[CentOS-devel] Balancing the needs around the RHEL platform

Thu Dec 24 13:21:53 UTC 2020
Phil Perry <pperry at elrepo.org>

On 24/12/2020 00:14, Neal Gompa wrote:
> On Wed, Dec 23, 2020 at 4:38 PM Phil Perry <pperry at elrepo.org> wrote:
>>
>> On 23/12/2020 20:50, Matthew Miller wrote:
>>> On Wed, Dec 23, 2020 at 08:23:29PM +0000, Phil Perry wrote:
>>>> Take Wireguard VPN as an example. No sooner than upstream fixed the
>>>> breakage caused by -257 on Monday, -259 landed and broke it
>>>> again[2].
>>>
>>>
>>> It seems like Wireguard might be a good example of something for an
>>> alternate kernel maintained by a SIG. (Like the Xen SIG does.)
>>>
>>
>> Why would you do that? The method we use in Enterprise Linux to deliver
>> 3rd party out-of-tree drivers is the RHEL Driver Update Programme. It
>> has been this way for over a decade. It works really well. It just
>> doesn't work for Stream because the Stream kernel is not suitable for
>> end user (Enterprise) consumption - it is a development kernel for
>> developing the next RHEL point release.
>>
>> If Red Hat really wanted to fix this in (a) kernel, the solution would
>> have been to accept the repeated upstream requests to backport the
>> driver into the RHEL kernel, but that idea/request has been rejected.
>>
> 
> No. The correct fix here is to start blocking RHEL kernel updates
> against third-party Free Software kernel module packages to ensure
> compatibility isn't broken and the kernel ABI stops breaking on every
> kernel version series.

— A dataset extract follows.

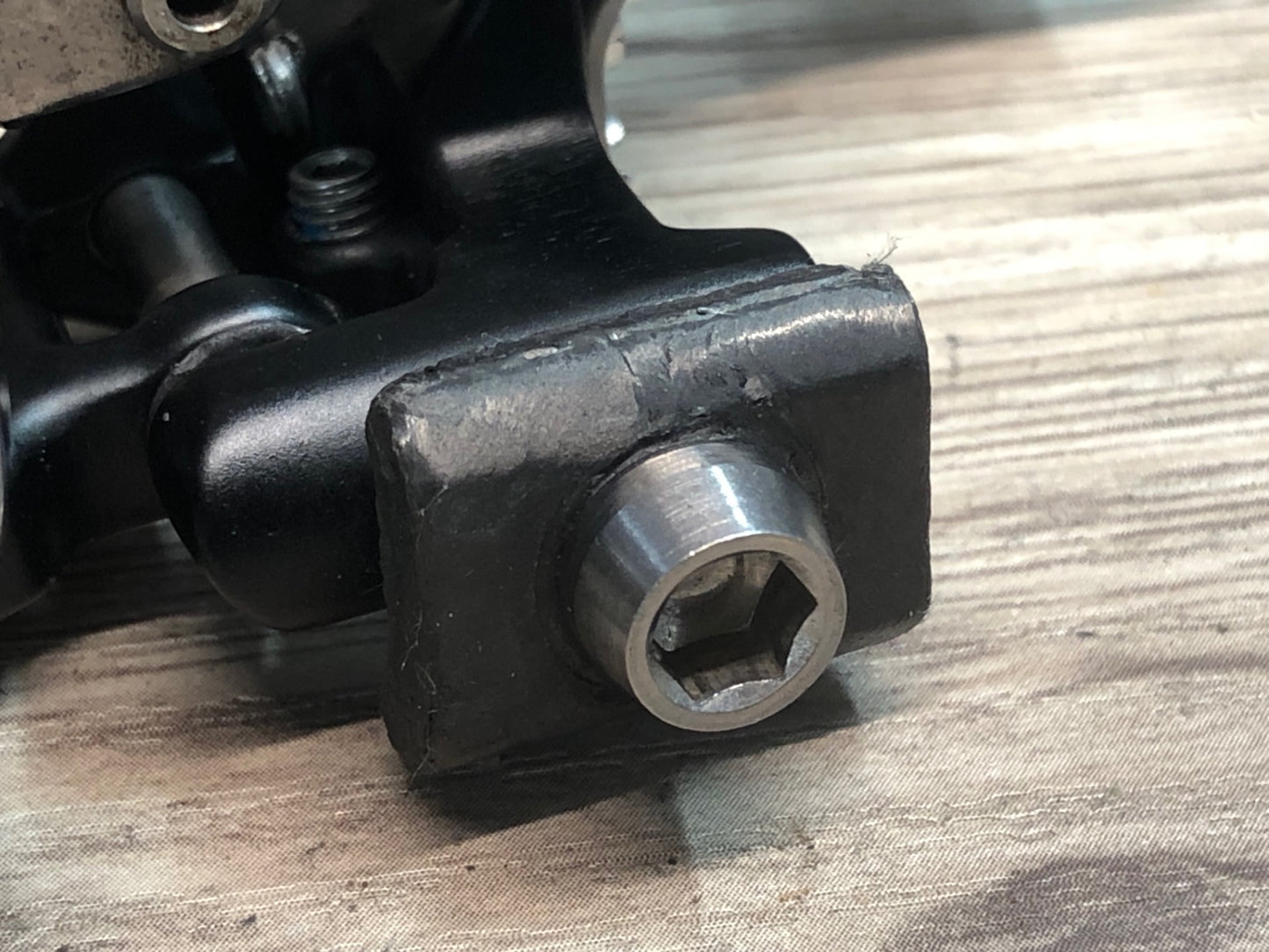 IU426 シマノ SHIMANO デュラエース DURA-ACE フロントディレイラー FD-9000 直付け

The reason it keeps breaking is because there's
> no current mechanism in which these are tested together to validate
> them for release.
> 

Blocking Stream kernel updates you mean?

That would certainly be an option, and I have written a yum plugin (for 
el7) that does the reverse and masks kmod packages from the yum 
transaction where the required kernel is not available yet. But for such 
an approach to work, it is essential that the Stream repository contains 
all kernel releases, not just the latest as is the case at present.

Further, we have an issue with the Stream installation images which are 
constantly being updates during the latest compose and feature the 
latest Stream kernel - these are unable to use Driver Update Disk images 
(DUDs) which are generally built around the point release GA kernel and 
are likely not compatible with newer Stream kernels.

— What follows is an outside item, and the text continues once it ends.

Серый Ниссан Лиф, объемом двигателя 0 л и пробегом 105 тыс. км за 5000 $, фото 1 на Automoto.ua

> The LF/RH/SUSE kernel module packaging system (branded as the Driver
> Update Program by Red Hat) relies on one of two things happening to be
> reasonably successful:
> 
> * Gating to ensure kABI doesn't break (RHEL-style)
> * Continuous automatic rebuilds as the kABI changes (SUSE-style)
> 
> At work, we've internally implemented the SUSE-style strategy with our
> RHEL kernel module builds, but we're able to do that because our build
> system is designed to handle that. Within the CentOS Project with
> CKI/ARK and CentOS Stream, we should be implementing the RHEL-style
> strategy.
> 
> More than most, I get why you're upset about the kABI always breaking
> as kernel updates push out, but instead of just saying "it's not
> suitable", we should be building solutions to *make* it suitable for
> the Enterprise. It's *bad* that the RHEL kernel breaks its own
> promises so often (which is a relatively new thing, in my experience),
> and we should be implementing safeguards to stop it from happening
> going forward.
> 
> 

To be fair to Red Hat, they are not breaking their own promises (nor 
even the kABI by their own definition) as Red Hat only strive to retain 
kABI compatibility for symbols on their own defined whitelist.

What happens in reality (especially in the first 5 years during the 
active development phase or Stream phase) is that Red Hat branch the 
RHEL kernel at point release time and the 8.3 kernel, for example, stays 
stable for 6 months with only important bug fix and security fixes, but 
no new features whilst the RHEL development kernel branch for 8.4, which 
is now being released to Stream, gets all the big backports that will be 
in the 8.4 kernel, and those backports are what causes breakage of 
symbols that are not on the kABI whitelist but are used in the real 
world by many/most 3rd party drivers.

It is really important that this process happens. If it didn't, we 
wouldn't for example get a new WiFi stack in RHEL8.1 backported from 
kernel-5.2 or in RHEL8.3 backported from kernel-5.7 and none of our 
fancy new WiFi adapters would work.

It's also really important that this process is being opened up if Red 
Hat want people (the community) outside of the Red Hat kernel 
development team to be able to contribute to it.

So I'm absolutely not against it and nor do I want to prevent or stop it 
from happening. Quite the opposite - I am really looking forward to the 
day I can contribute simple fixes to the RHEL kernel rather than having 
to file a bug and wait months/years to see the incorporation of a simple 
upstream fix or have to open a support case and spend months dealing 
people that do not understand the issue. But above all I just want 
people to recognise that this is a *development* system and stop trying 
to tell people that is it a drop in replacement for CentOS Linux because 
it is not.